The Radiohead album that Thom Yorke wrote for fans: “To be ambitious again”
While they may be considered one of the best bands to come out of Britain, Radiohead was something of a forgotten child in the 1990s.
Largely because of Britpop’s booming popularity, the nuance of the Oxford band fell somewhat deafly on the ears of the public who were otherwise consumed with a bona fide brand of rock and roll. Because there was no mystery over what Oasis was as an outfit, a straightforward rock band delivering anthemic hits a dozen at a time and in the vitality of this new cultural era, that’s all they wanted.
The state of play was different for Radiohead. ‘Creep’ was perhaps the only song you could label as straightforward or anthemic, and even that was pushing it. Their music was instead focused on carving out a little textural niche for themselves, and ultimately created an artistic environment that allowed them to be adaptable in between records. Alternative rock, art rock and even hints of jazz snuggled under the Radiohead umbrella and so made them the more nuanced band of the modern British era.
But as is ever the case with the band’s leader, Thom Yorke, it didn’t take long for him to become bored with his own brand. The very complexity that made them so beloved and a perfect antidote to the bliss ignorance of Britpop was what exhausted him, and so he looked to the source of all musical inspiration as a need to change Radiohead’s sound.
“In all of this, I was influenced by the simplicity of The Beatles,” he said, outlining how they helped him out of a rut. “I’ve moved several times and travelled often, and their albums are the only ones left out of the boxes. In general, I’ve stopped listening to music, massively; I don’t buy records anymore. Listening to Lennon and McCartney’s songs made me think; their music is very direct, but also ambitious.”
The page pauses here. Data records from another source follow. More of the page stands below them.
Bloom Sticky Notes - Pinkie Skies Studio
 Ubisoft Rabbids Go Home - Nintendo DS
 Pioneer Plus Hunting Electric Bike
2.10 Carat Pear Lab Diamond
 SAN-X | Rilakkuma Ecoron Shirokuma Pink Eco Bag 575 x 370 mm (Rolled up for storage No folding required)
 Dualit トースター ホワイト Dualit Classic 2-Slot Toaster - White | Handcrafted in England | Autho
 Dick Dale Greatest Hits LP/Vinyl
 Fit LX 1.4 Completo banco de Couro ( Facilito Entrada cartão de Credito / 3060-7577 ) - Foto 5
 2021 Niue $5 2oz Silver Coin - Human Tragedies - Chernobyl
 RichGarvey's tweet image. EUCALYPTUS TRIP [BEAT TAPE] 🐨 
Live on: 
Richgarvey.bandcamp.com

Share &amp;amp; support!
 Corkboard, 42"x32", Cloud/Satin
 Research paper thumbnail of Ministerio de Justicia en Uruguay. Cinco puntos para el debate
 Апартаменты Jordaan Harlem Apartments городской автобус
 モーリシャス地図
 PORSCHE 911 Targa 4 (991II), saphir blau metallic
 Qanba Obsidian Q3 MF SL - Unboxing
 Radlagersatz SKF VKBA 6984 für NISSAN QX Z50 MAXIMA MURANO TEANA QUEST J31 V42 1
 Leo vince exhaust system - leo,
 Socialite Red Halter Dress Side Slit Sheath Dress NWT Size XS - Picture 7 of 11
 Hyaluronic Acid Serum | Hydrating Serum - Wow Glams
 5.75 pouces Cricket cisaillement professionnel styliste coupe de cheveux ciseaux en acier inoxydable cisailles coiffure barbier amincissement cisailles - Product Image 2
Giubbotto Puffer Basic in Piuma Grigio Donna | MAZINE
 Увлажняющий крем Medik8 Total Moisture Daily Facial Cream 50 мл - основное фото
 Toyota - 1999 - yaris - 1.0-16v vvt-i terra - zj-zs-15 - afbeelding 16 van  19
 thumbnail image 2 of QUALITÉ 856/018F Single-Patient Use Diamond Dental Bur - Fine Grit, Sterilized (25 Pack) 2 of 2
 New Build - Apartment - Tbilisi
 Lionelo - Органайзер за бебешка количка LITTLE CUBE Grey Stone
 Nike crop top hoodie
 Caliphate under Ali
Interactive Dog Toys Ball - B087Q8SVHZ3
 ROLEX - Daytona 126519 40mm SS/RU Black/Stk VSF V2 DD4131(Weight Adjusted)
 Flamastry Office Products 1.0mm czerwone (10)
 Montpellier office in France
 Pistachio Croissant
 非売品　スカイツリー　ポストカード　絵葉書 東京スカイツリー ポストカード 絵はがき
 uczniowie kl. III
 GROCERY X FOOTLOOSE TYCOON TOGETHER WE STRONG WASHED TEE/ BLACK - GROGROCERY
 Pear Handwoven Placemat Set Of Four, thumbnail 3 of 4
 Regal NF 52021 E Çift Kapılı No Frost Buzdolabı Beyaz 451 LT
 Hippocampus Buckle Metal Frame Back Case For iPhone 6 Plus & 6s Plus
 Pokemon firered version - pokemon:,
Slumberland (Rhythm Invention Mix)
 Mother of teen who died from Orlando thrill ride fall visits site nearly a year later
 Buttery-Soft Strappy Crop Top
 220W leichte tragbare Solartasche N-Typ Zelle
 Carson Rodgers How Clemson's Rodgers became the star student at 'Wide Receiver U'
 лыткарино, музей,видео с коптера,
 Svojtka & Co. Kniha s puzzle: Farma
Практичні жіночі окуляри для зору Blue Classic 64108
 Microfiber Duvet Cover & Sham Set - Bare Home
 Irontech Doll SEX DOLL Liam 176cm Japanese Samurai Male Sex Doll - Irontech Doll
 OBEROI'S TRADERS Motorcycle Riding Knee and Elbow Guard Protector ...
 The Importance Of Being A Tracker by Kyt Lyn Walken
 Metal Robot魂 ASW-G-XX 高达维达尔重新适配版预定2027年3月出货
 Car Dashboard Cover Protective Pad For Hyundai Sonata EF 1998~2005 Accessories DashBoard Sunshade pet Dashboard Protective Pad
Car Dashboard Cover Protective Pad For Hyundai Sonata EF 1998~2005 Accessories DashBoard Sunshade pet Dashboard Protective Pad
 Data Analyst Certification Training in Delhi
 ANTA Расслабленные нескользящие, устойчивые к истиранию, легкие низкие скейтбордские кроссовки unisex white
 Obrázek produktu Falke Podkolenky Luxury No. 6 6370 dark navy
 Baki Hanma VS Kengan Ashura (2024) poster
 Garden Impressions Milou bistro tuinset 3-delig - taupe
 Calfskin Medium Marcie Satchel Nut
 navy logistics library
This claim came in 2003, when the band were coming off the back of a triumphant run of albums that any musician worth their salt would have wanted to replicate. But instead, it resulted in an album that marked a new era for Yorke and Radiohead.
He continued, “These qualities had an effect on my attitude when working on Hail to the Thief. It’s not that we wanted to remake The Beatles, but to be ambitious again. I didn’t give a damn about Kid A and Amnesiac, whether anyone listened to them or not; I didn’t care what people thought. This time it’s different. We want Hail… to be heard.”
Ultimately, though, Yorke’s view of his album and The Beatles’ influence on it highlights the very paradox that made Radiohead the band they were. He saw the simplicity in their ambitious musical attempts that no one, certainly not Oasis, could see, and so mistook the entire idea of simplicity.
A rudimentary accessible song was more in the feeling it evoked for Yorke, rather than a simple verse-chorus-verse structure, and so despite his attempts, he continued on making an album of intricacy with Hail to the Thief and only cemented his reputation as a masterful but intricate musician, even further.